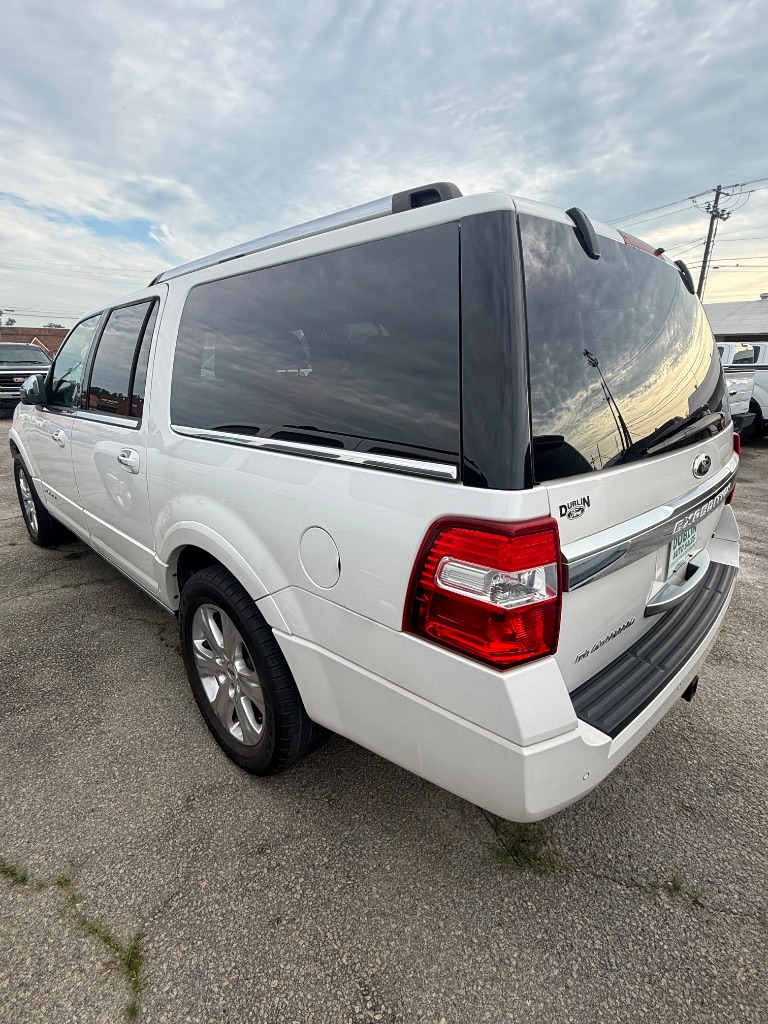 2015 Ford Expedition - $13,950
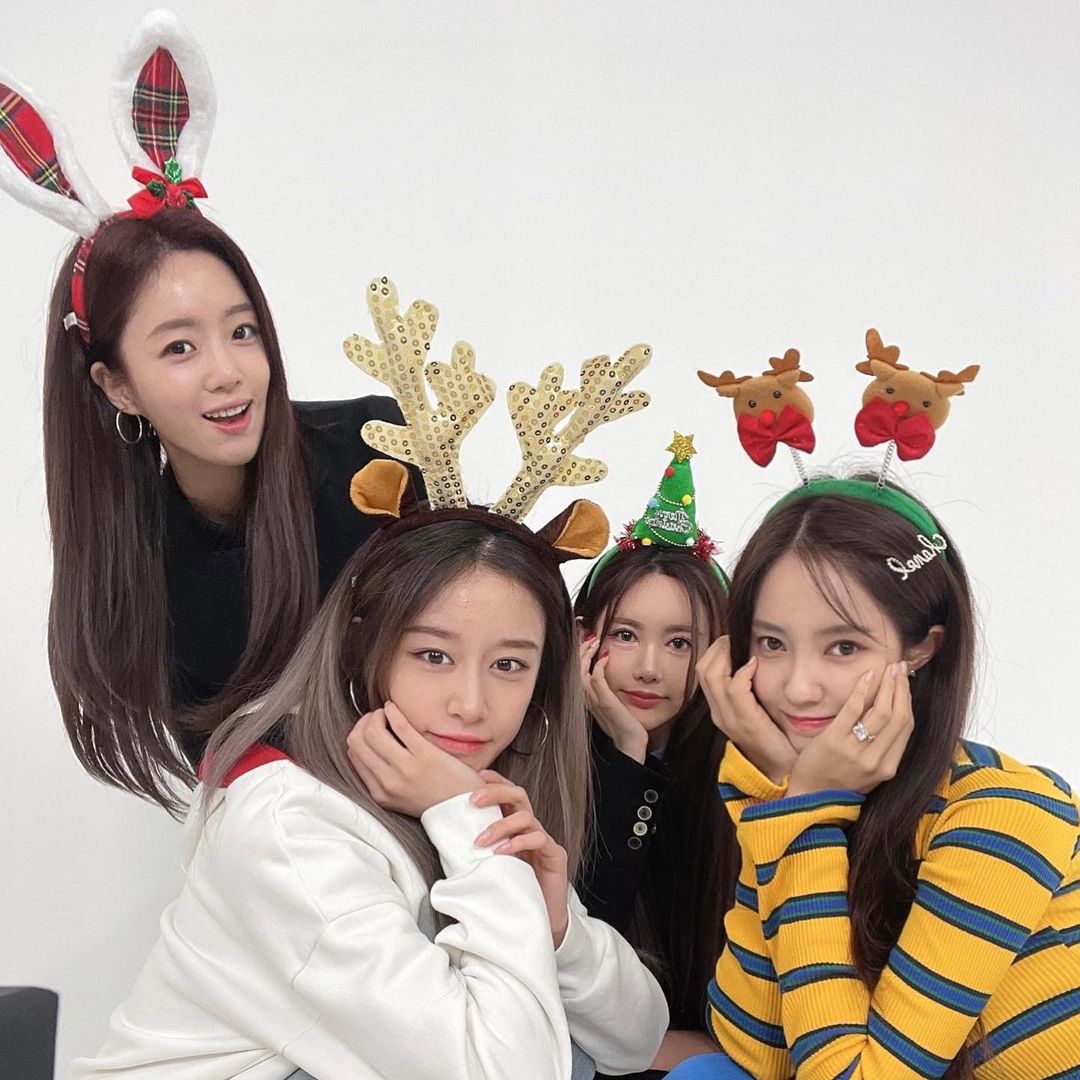 เผยแล้ว!! 'ไอยู' จะร้องเพลงอวยพรงานวิวาห์ของ 'จียอน T-ARA' 10 ธ.ค.นี้ เผยแล้ว!! 'ไอยู' จะร้องเพลงอวยพรงานวิวาห์ของ 'จียอน T-ARA' 10 ธ.ค.นี้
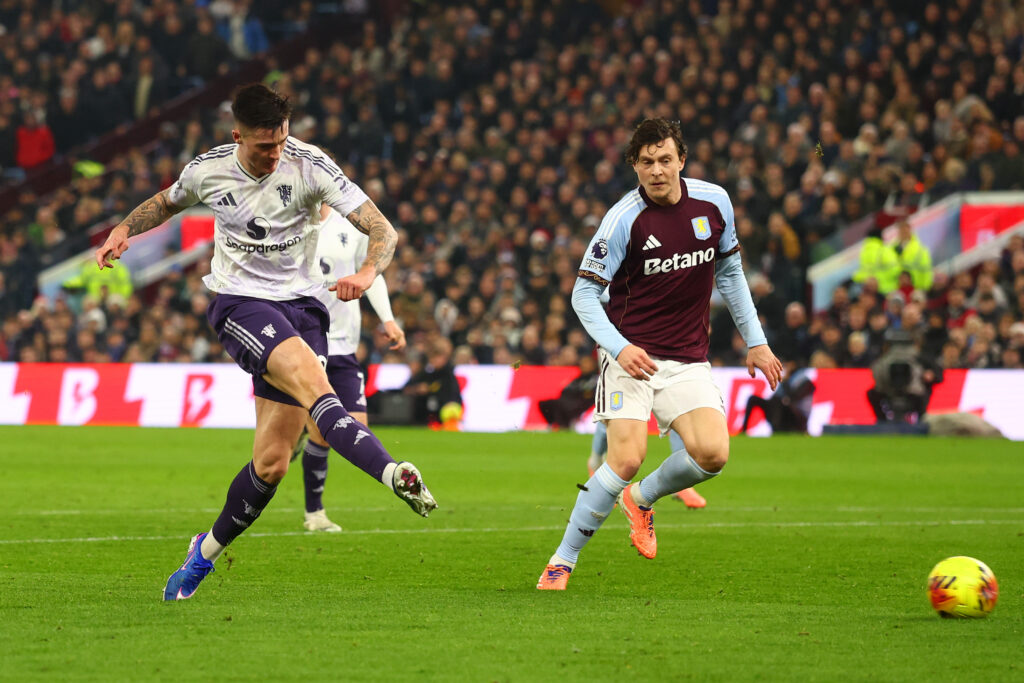 Benjamin Sesko shoots for Man Utd vs Aston Villa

### TASK ITEM:
In the copy, omit the pictures and give every line of the data exactly.

### OUTPUT:
 2015 Ford Expedition - $13,950
 เผยแล้ว!! 'ไอยู' จะร้องเพลงอวยพรงานวิวาห์ของ 'จียอน T-ARA' 10 ธ.ค.นี้ เผยแล้ว!! 'ไอยู' จะร้องเพลงอวยพรงานวิวาห์ของ 'จียอน T-ARA' 10 ธ.ค.นี้
 Benjamin Sesko shoots for Man Utd vs Aston Villa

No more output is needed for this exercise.